Clonotypic studies identified a population of circulating B-cells in blood samples of patients with myeloma (Bergsagel et al., 1995, Chen and Epstein, 1996), sharing the same clonotypic CDR3 region as is detected in the bone marrow malignant plasma cells (Pilarski et al, 1996, Szczepek et al., 1998). Further studies provided additional insights into the evolution of the myeloma clone supporting a notion of heterogeneity of the population of clonal cells in myeloma (Taylor et al., 2002). The B-cell component of the myeloma clone appeared to be clonogenic in xenografted mice (Pilarski et al., 2000; Reiman et al., 2001). Moreover, clonotypic cells with B-cell phenotype express CD19+/CD20+ antigens and may represent a reservoir of disease that persists after therapy, including high dose chemotherapy (Kiel et al., 1999; Rottenburger et al., 1999; Pilarski et al., 2002).
The majority of myeloma cells express CD138, a highly specific surface antigen of terminally differentiated plasma cells, which is absent on highly proliferative normal plasmablast and earlier stages of B-cells (Jego et al., 2001). Based on these observations, it was hypothesized that clonogenic myeloma cells should lack CD138 expression. Using CD138+ and CD138- subsets of cells isolated from myeloma cell lines and from primary myeloma patient samples, Matsui et al. (2004), showed that only a minority of all myeloma cells have CD138- phenotype (<5%). However, only CD138- have clonogenic potential, as demonstrated in colony formation assays in methylcellulose and after transplantation to NOD/SCID mice. Moreover, these cells express B-cell antigens, including CD19 and CD20 and their growth could be inhibited by in vitro treatment with rituximab, an antibody directed against CD20 antigen (Matsui et al., 2004).

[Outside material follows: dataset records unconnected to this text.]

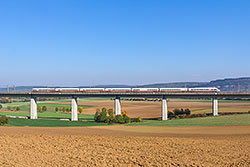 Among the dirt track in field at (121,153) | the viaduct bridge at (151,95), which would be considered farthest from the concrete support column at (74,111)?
the dirt track in field at (121,153)

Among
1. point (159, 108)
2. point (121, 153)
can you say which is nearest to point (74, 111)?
point (159, 108)

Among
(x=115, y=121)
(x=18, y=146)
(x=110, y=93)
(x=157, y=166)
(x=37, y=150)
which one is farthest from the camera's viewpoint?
(x=110, y=93)

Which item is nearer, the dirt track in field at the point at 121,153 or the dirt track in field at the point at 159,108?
the dirt track in field at the point at 121,153

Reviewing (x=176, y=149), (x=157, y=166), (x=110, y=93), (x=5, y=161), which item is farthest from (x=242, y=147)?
(x=110, y=93)

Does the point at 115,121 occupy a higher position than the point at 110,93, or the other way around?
the point at 110,93

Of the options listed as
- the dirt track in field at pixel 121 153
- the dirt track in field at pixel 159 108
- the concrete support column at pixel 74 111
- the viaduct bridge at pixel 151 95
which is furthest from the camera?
the dirt track in field at pixel 159 108

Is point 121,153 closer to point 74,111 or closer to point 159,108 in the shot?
point 74,111

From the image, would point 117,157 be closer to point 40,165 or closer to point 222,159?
point 40,165

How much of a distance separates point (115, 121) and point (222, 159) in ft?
140

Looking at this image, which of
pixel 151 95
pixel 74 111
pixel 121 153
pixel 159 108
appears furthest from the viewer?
pixel 159 108

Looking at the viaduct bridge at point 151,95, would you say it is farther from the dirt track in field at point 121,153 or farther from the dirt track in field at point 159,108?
the dirt track in field at point 121,153

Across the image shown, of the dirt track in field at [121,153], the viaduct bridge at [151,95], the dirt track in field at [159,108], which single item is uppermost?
the viaduct bridge at [151,95]

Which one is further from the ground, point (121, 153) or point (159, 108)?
point (121, 153)

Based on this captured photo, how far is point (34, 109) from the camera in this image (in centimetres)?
7438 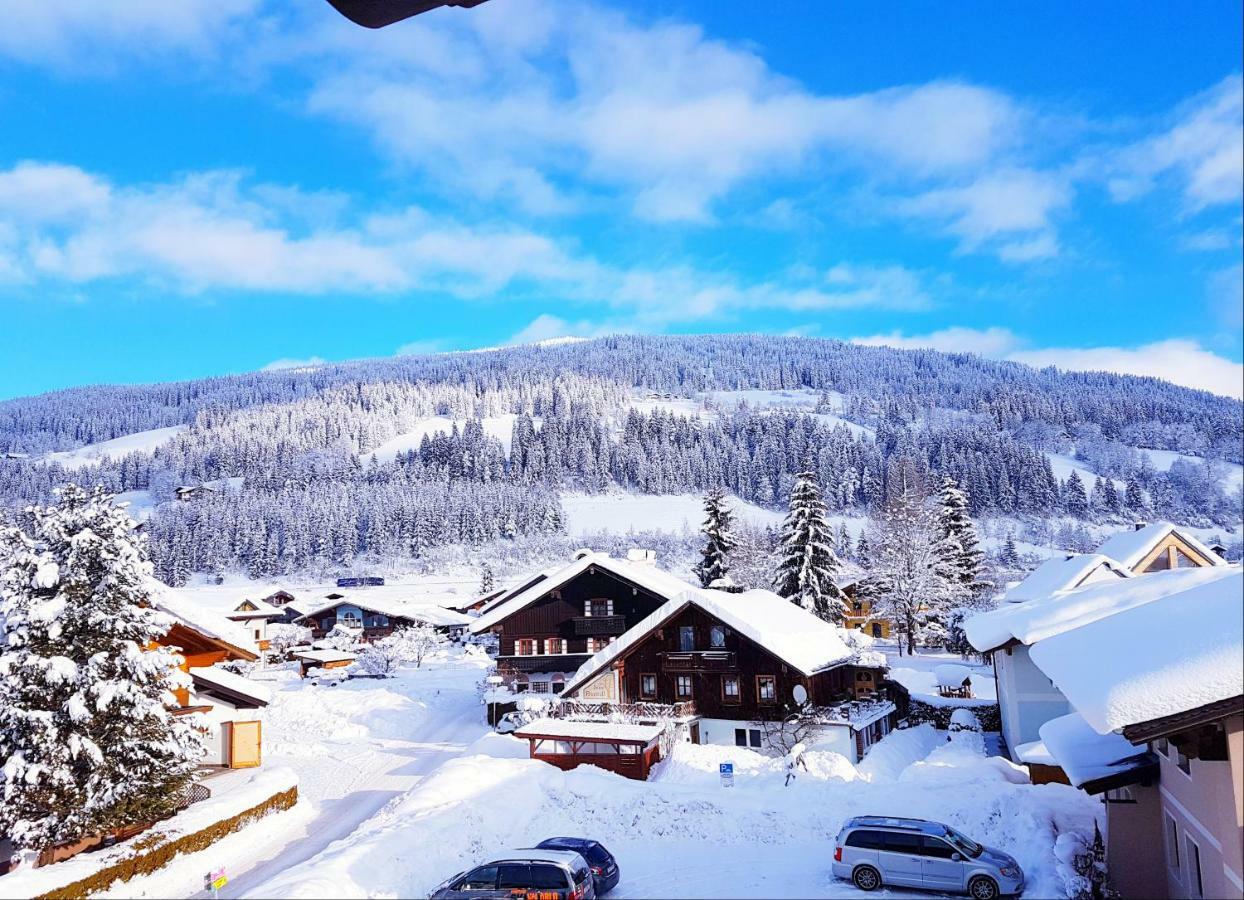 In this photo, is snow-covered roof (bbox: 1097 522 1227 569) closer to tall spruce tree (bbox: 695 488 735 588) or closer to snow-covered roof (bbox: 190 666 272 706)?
tall spruce tree (bbox: 695 488 735 588)

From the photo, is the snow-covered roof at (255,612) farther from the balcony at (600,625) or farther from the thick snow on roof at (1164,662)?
the thick snow on roof at (1164,662)

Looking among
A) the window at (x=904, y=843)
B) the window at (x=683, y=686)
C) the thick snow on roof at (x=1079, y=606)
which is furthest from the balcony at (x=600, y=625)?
the window at (x=904, y=843)

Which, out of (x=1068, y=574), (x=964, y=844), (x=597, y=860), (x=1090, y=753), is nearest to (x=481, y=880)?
(x=597, y=860)

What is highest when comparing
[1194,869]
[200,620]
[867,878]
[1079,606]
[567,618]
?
[200,620]

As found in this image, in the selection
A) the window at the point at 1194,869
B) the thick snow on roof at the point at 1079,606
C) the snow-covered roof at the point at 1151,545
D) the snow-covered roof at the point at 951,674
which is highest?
the snow-covered roof at the point at 1151,545

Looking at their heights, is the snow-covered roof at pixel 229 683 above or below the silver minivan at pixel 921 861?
above

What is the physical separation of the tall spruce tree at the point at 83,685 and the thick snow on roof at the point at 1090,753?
874 inches

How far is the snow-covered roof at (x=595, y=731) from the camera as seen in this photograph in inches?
1171

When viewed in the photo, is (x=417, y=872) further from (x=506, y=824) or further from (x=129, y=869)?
(x=129, y=869)

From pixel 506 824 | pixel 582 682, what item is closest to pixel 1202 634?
pixel 506 824

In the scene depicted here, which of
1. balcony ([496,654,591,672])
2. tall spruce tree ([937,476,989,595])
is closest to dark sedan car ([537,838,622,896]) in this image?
balcony ([496,654,591,672])

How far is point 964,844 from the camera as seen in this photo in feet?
60.2

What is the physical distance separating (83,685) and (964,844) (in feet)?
73.9

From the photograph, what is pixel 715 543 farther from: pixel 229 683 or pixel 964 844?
pixel 964 844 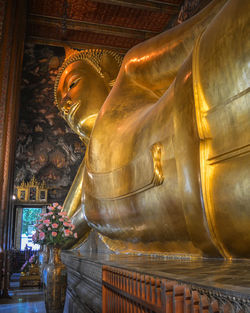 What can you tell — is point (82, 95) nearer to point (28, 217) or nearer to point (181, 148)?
point (181, 148)

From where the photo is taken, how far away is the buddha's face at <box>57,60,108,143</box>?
3.12m

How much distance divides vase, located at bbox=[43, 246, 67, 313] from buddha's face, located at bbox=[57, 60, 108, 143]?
142cm

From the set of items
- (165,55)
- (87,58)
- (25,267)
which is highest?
(87,58)

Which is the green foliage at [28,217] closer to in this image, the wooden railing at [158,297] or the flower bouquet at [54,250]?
the flower bouquet at [54,250]

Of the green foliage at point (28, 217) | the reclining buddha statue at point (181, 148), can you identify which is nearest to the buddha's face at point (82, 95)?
the reclining buddha statue at point (181, 148)

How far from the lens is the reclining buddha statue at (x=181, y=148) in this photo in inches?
43.2

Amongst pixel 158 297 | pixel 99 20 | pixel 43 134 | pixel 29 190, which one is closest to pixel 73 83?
pixel 158 297

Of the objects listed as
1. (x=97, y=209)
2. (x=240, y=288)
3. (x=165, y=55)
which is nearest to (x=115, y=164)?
(x=97, y=209)

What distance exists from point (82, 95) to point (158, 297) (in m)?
2.69

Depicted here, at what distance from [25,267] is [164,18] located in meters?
5.68

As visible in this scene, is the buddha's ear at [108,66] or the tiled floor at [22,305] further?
the buddha's ear at [108,66]

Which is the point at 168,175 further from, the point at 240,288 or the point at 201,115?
the point at 240,288

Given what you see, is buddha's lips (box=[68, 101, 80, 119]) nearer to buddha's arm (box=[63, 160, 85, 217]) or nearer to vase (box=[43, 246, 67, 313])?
buddha's arm (box=[63, 160, 85, 217])

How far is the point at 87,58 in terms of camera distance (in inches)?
Answer: 132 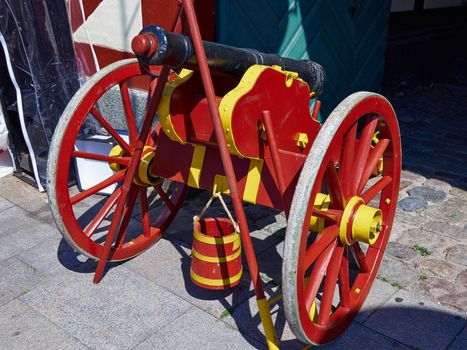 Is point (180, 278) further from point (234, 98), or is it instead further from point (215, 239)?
point (234, 98)

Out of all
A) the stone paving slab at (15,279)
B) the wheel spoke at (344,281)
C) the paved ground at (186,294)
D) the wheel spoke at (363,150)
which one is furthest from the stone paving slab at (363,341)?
the stone paving slab at (15,279)

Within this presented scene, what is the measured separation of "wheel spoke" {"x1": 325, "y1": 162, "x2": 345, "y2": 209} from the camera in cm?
224

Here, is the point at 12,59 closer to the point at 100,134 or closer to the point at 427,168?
the point at 100,134

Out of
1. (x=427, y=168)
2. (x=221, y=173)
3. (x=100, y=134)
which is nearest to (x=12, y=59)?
(x=100, y=134)

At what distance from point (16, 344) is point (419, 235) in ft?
7.52

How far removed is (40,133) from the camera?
13.5 feet

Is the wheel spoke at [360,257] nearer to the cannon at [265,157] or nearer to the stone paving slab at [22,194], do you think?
the cannon at [265,157]

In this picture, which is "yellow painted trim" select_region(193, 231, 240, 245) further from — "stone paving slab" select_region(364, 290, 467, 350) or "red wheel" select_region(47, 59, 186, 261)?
"stone paving slab" select_region(364, 290, 467, 350)

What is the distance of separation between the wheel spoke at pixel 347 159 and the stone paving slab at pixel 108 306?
38.8 inches

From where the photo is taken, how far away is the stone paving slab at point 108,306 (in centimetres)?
261

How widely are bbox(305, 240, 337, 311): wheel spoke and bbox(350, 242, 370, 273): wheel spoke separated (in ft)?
0.94

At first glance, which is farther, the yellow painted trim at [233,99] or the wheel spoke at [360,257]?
the wheel spoke at [360,257]

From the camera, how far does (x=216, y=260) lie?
262cm

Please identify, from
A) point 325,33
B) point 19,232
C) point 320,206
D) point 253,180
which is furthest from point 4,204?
point 325,33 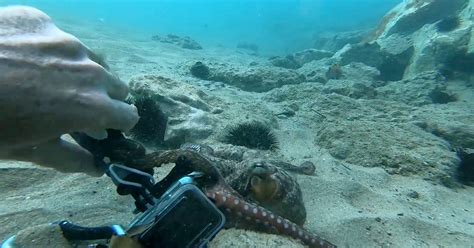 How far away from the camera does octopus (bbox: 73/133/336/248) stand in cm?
255

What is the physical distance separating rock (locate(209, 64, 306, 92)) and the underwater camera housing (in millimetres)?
8681

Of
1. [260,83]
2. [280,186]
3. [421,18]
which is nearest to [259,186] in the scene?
[280,186]

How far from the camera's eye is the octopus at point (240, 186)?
8.36 feet

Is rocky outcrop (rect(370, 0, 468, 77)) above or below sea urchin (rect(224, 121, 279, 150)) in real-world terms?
above

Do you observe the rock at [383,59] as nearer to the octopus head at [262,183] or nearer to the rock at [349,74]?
the rock at [349,74]

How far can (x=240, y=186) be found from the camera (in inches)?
128

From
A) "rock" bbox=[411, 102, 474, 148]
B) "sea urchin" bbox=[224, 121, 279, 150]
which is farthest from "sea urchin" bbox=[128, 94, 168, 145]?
"rock" bbox=[411, 102, 474, 148]

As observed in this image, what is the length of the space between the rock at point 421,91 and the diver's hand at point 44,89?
29.2 ft

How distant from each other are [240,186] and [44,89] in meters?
2.02

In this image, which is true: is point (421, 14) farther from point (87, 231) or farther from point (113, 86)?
point (87, 231)

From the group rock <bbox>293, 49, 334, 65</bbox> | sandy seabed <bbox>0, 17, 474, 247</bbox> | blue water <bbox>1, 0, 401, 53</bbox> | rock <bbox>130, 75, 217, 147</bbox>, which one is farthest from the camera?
blue water <bbox>1, 0, 401, 53</bbox>

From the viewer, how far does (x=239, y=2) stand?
11294cm

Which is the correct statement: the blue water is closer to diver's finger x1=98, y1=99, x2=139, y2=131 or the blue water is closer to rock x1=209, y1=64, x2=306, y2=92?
rock x1=209, y1=64, x2=306, y2=92

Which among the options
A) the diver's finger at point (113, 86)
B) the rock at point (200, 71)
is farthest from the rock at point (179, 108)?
the rock at point (200, 71) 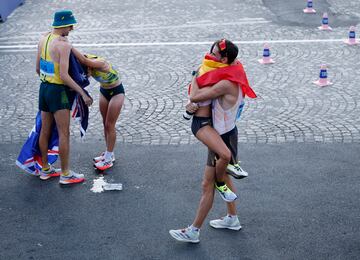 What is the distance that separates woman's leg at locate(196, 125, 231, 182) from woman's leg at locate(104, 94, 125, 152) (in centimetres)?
196

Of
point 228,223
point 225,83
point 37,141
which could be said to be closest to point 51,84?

Rationale for anti-CD20 Therapy in Myeloma:
Recent observations that clonogenic cells in myeloma express CD20 (Kiel et al, 1999, Rottenburger et al, 1999) and that their growth could be inhibited in vitro by rituximab, an anti-CD20 antibody (Matsui et al, 2004), provides a rationale for using CD20-directed therapy in patients with myeloma. Moreover, CD19+/CD20+ clonotypic cells appear to be more refractory than CD19-/CD20- cells to commonly used chemotherapy regimens in myeloma including high dose therapy with stem cell transplant (Kiel et al., 1999, Rottenburger et al, 1999). Therefore, CD20+ directed treatment of myeloma would complement chemotherapy by targeting chemoresistant clonogenic myeloma cells.
Previous studies showed that therapy with Rituximab, unlabeled anti-CD20 antibody, could be active in multiple myeloma (Hussein et al. 1999, Treon et al, 2002).
In this study, we propose to apply therapy with Bexxar, a radiolabeled anti-CD20 antibody. Bexxar Therapeutic Regimen is composed of the murine anti-CD20 monoclonal antibody Tositumomab and Iodine I 131 Tositumomab. Iodine I 131 Tositumomab is a radio-iodinated derivative of Tositumomab that has been covalently linked to Iodine-131.
We hypothesized that radiolabeled anti-CD20 antibody will be more efficacious than unlabeled antibody (i.e. rituximab) in eradication of highly radiosensitive myeloma cells, similarly to what was observed in non-Hodgkin's lymphoma (Horning et al., 2000; Davis et al, 2001 Flinn et al, 2001; Witzig et al, 2002). It is presumed, that higher efficacy of radiolabeled anti-CD20 antibody, if compared to unlabeled antibody, may be due to "crossfire effect" as the radiation is delivered not only to target cells but also to neighboring cells, both expressing and not-expressing CD20 (Vose et al, 1999). In the proposed design, we will apply Bexxar after completion of a course of initial chemotherapy for newly diagnosed patients or a course of salvage chemotherapy, provided that patients achieve at least partial response to prior therapy (i.e. > 50% reduction of tumor mass) and reach a plateau of their response to prior therapy. By using patients in a period of stable disease, we will have a better chance to observe the effects of radioimmunotherapy against CD20+ cells, which represent a minority of all malignant cells. In addition, we will evaluate the impact of Bexxar therapy on clonogenic myeloma cells using clonogenic assays as described in Methods.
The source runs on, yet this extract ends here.